- Born: 1926 Khalishpur, Noakhali district, Bengal Presidency, British India
- Died: 14 December 1971 (aged 44–45)
- Education: University of Dacca
- Spouse: Syeda Tahmina Monowara Nurunnahar (m. 1956)

= Mufazzal Haider Chaudhury =

Bangladeshi writer (1926–1971)

Mufazzal Haider Chaudhury (1926 – 14 December 1971) was a prominent Bengali essayist, prized scholar of Bengali literature, educator and linguist of the Bengali language.

==Biography==
Chaudhury was born in Khalishpur, Noakhali district, British India, (now in Begumganj Upazila, Bangladesh) in 1926. His father was Bazlur Rahman Chaudhury, and his mother was Mahfuza Khatun. He was the eldest of four brothers and sisters. His father died when Chaudhury was young.

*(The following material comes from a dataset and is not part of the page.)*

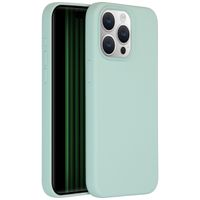 Accezz Liquid Silicone Backcover met MagSafe Apple iPhone 15 Pro Max - Sky Blue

Chaudhury matriculated from Ahmadia High School in 1942, securing fourth place in the exams. He stood first in the intermediate examination in arts at Dacca College in 1944. He stood first again, with record marks, when he earned a BA (honours) in Bengali at Visva-Bharati College under Calcutta University in 1946. Chaudhury continued at Visva-Bharati for two years as a research assistant to Professor Probodh Chandra Sen, a specialist in Bengali metre. In 1948, he passed the college's Loka Siksha Samsad (a type of non-formal education) examination and received a 'Sahitya Bharati' diploma.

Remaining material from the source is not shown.